Carema Doc 2019 – Sorpasso
Viene prodotto dal 2016 da una giovane azienda che ha cominciato a muovere i primi passi nel 2012. Composto per il 90 per cento da Nebbiolo Picotendro e per la restante parte da Ner d’Ala e Neretti, matura in botti di legno usato da 225 e 500 litri. Il calice regala finezze e vibrazioni olfattive concedendosi a note molto nitide e rifinite di rosa rossa e di violetta in un sorso pungente, dove la parte acida gioca in prevalenza e raggiunge, poi, in retronasale, a pari merito, una nota speziata. Setosi i tannini e lunga la chiusura.
Carema Doc L’Arsin 2019 – Cantina Togliana
E’ uno dei due Carema prodotti da Achille Milanesio, viticoltore inesauribile e appassionato che rappresenta la memoria storica di questi luoghi, custodendone la forte identità e tramandando le antiche tradizioni. L’Arsin 2019 appare nobile già nel colore, un affascinante rosso granato scarico. Ha un naso elegante, caratterizzato dal carattere quasi etereo di un frutto che appare soffuso tra sentori di erbe officinali, un tocco balsamico e un’evidente nota ferrosa. Vibrante, intensamente minerale, rifinito sul tannino, sapido e molto lungo il sorso. Un grande vino di montagna che vive di energia, non di volume.
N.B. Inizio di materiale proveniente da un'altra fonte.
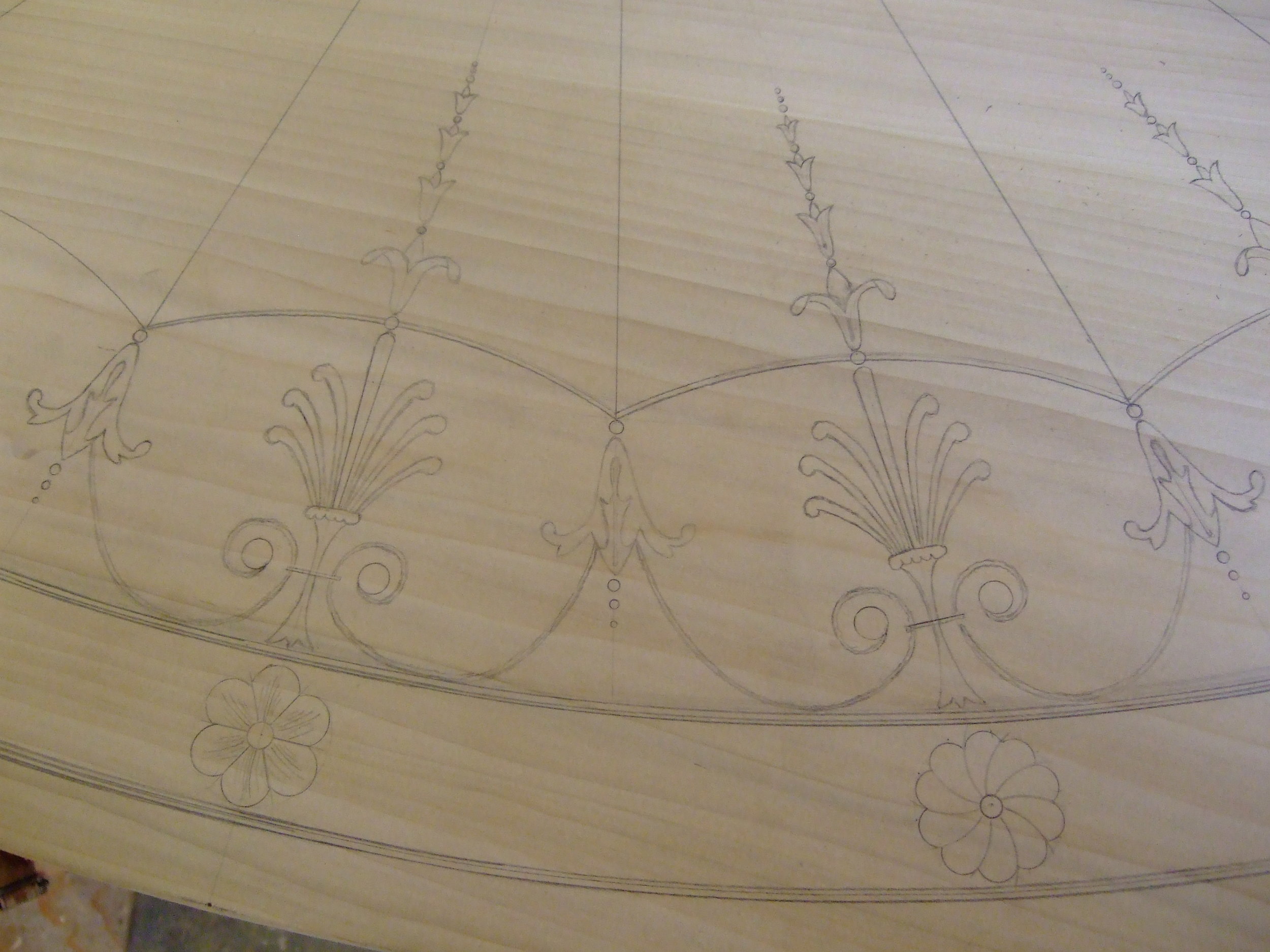 Freehand drawing of perimeter inlay details on the poplar pattern of the top.
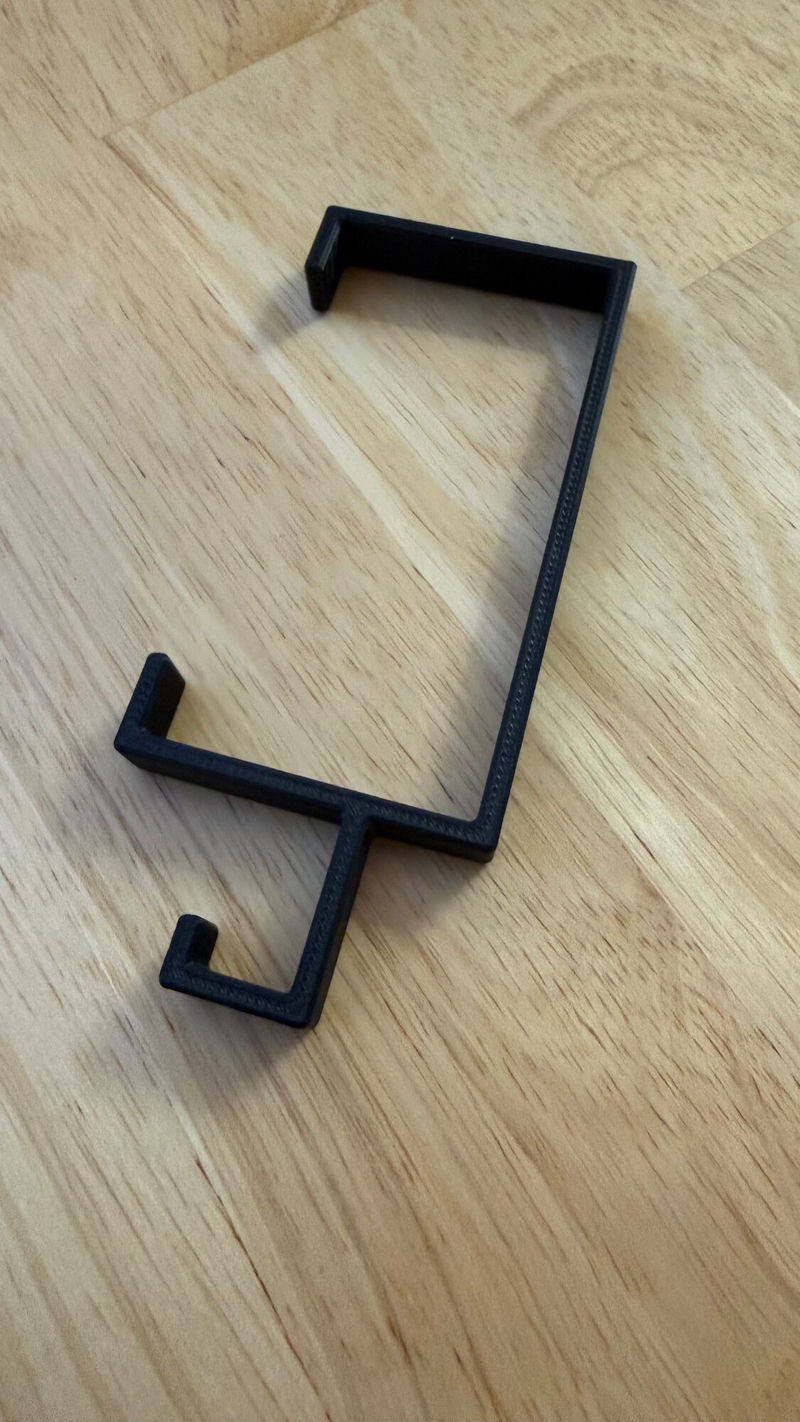 The final version of the plastic bracket that is used to hold the Hue Lightstrip to the bed frame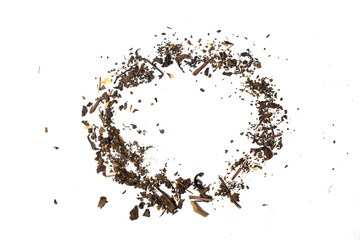 Top view of scattered dried tea leaves. circle.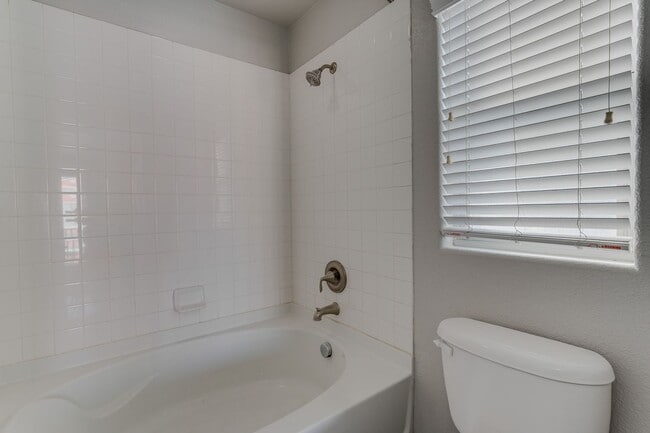 Building Photo - Gated Townhome with Strip Views from the Balcony!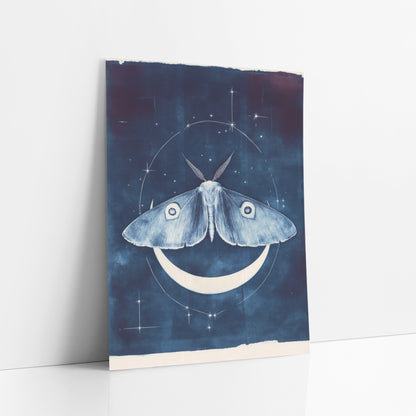Moth and Crescent Moon Celestial art print leaning against a white wall – pale blue moth with eye spots above a white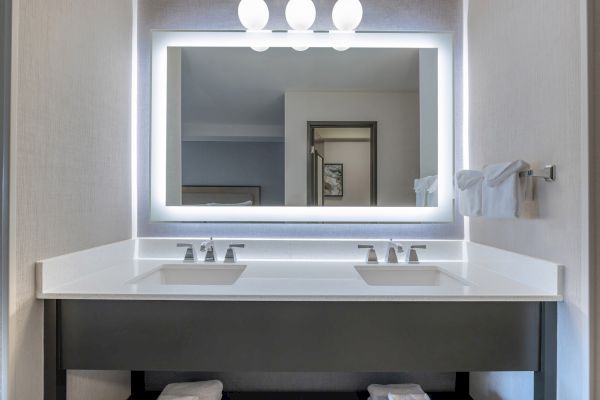 A bathroom vanity with a large lit mirror, dual sinks, and modern fixtures. Towel rack with neatly folded towels on the right.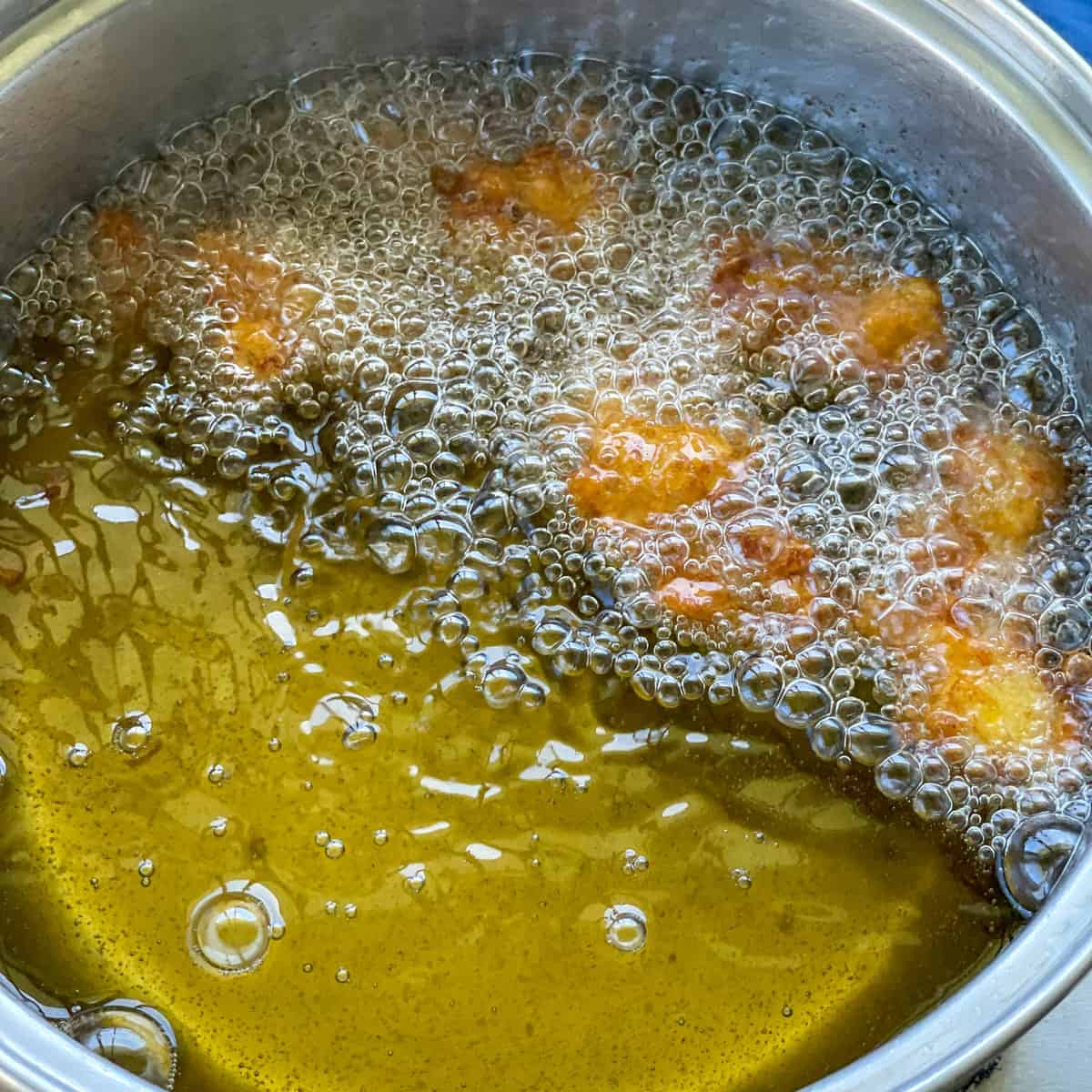Karaage chicken deepfrying in a saucepan 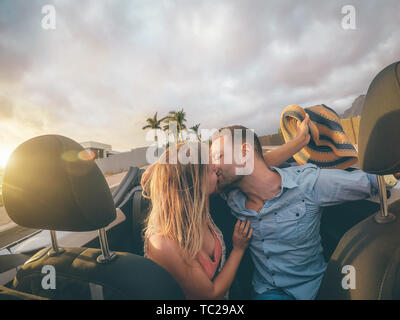 Felice coppia giovane avente baciare in autovettura convertibile durante il loro viaggio su strada - alla moda gli amanti della romantica avente un momento di gara in cabriolet auto Foto Stock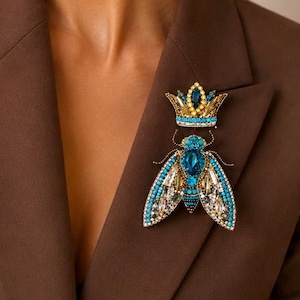 May include: A decorative brooch shaped like a fly with a crown positioned above it. The insect features bright blue, gold, and clear crystals, with intricate beadwork detailing its wings and body. The crown is accented with blue and gold crystals.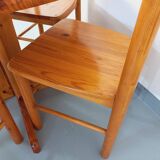 Suite of a round table with extension and 4 vintage pine chairs from the 60s and 70s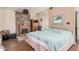 Cozy bedroom features a brick fireplace, a wooden armoire, and a comfortable bed with a patterned blue blanket at 10480 W Martin Rd, Casa Grande, AZ 85194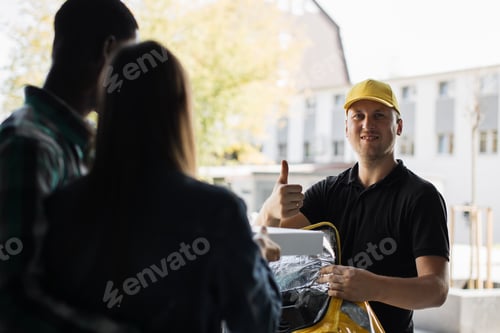 Preview: Delivery man in yellow uniform delivering parcel box to recipient - young woman and her husband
Giallo di Chy 2021 – Valchyara
“Giallo di Chy” come il comune in cui si trova, appunto Val di Chy, situato all’ingresso della Valle d’Aosta. E’ un Erbaluce macerato che vinifica per metà in barrique e metà in cemento. Sentori di erbe aromatiche con il rosmarino in evidenza più un sottile cenno vegetale precedono un palato tendenzialmente rotondo che trova slancio in una vivace vena sapida. Pulito, equilibrato e piacevole.